Volume control slider slides down to zero.
Cannot (generally) sort ACT! columns with mouse
Will not go into hibernate mode (with laptop open)
Backspace key sometimes inserts a 'c' (rarely, but sometimes)

I thought all of these issues were separate, but realized that the computer is receiving input from somewhere.

The Checkdisk cancels because of a keyboard input (no key is being pressed)

The Screensaver preview flicks on and then cancels (as if the mouse were moved or key is pressed to normally cancel the preview).

Hibernate mode does not work (with the laptop open). Somehow the computer thinks there is still user input, thus preventing it from going into hibernate mode. Hibernate works properly if I push the appropriate button.

The ACT! column sorting works if I push the USB mouse button really fast (or the touchpad button really fast).

I've looked online for the volume-slider problem, but those issues appear different than those of mine (I only player I now have installed is Windows Media Player 11). The other crazy thing is that the volume-up button toggles mute (as does the volume-mute button).

I don't know if this is an xp driver issue, an IRQ issue, or just a configuration gone bad.

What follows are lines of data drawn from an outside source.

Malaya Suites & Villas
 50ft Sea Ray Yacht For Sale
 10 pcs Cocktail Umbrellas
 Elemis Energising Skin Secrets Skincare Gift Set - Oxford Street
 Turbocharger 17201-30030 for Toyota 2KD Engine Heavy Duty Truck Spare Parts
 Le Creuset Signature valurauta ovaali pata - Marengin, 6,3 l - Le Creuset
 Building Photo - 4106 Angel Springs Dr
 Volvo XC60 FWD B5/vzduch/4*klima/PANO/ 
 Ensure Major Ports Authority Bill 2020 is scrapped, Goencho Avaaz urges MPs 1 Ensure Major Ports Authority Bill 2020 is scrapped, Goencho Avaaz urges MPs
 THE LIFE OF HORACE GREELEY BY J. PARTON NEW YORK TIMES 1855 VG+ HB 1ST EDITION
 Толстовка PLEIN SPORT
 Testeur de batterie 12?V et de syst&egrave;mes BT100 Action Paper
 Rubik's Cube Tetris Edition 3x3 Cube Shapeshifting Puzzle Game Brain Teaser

I have un-installed just about everything on the computer that I don't use, but I need some direction on what to look at. Without deleting reinstalling everything is there a way to check to verify if this is an OS issue - and not a hardware (laptop) issue?

I also noted that when I use my Multiplicity program, when I control the desktop next to the laptop (with the laptop's mouse and keyboard), the volume issue carries over to the desktop. When I set the desktop c to control the laptop, the desktop works normally, but the laptop still has the issue (while being controlled by the desktop). Seems like that eliminates a laptop hardware problem. (Multiplicity works through the home network)

---------
And here is what I have found out...
---------
Deciding to further narrow down a possible solution, I booted off of a Ubuntu Live CD (I couldn't find my EcomStation Demo CD...). Guess what? Same problem. The up-volume button still toggled between mute and sound.

I then tried holding the up-volume button down. Turns out that as long as I hold the button down (when not on mute) that I could set the sound volume.

I then rebooted into XP with the up-volume button held down. The check-disk worked, as well as everything else I had been dealing with.

So now I just have to figure out how to fix the up-volume button (or disable it). Off to the TechSupportForum Laptop section.
---------------

Thanks - Kirby

HP Pavilion ZD7000, Intel i865PE, P4-3.4GHz, 1GB, 60GB, nVidia FX Go5700


----------



## TriggerFinger (Jan 30, 2008)

Kirbentech said:


> After a few days of troubleshooting, I have determined that my up-volume button has a hardware problem.
> 
> Does anyone know how I can disable the button?
> 
> ...


hi Kirby,

I am not quite sure if you can disable a specific button alone. Although here are a few things you can try...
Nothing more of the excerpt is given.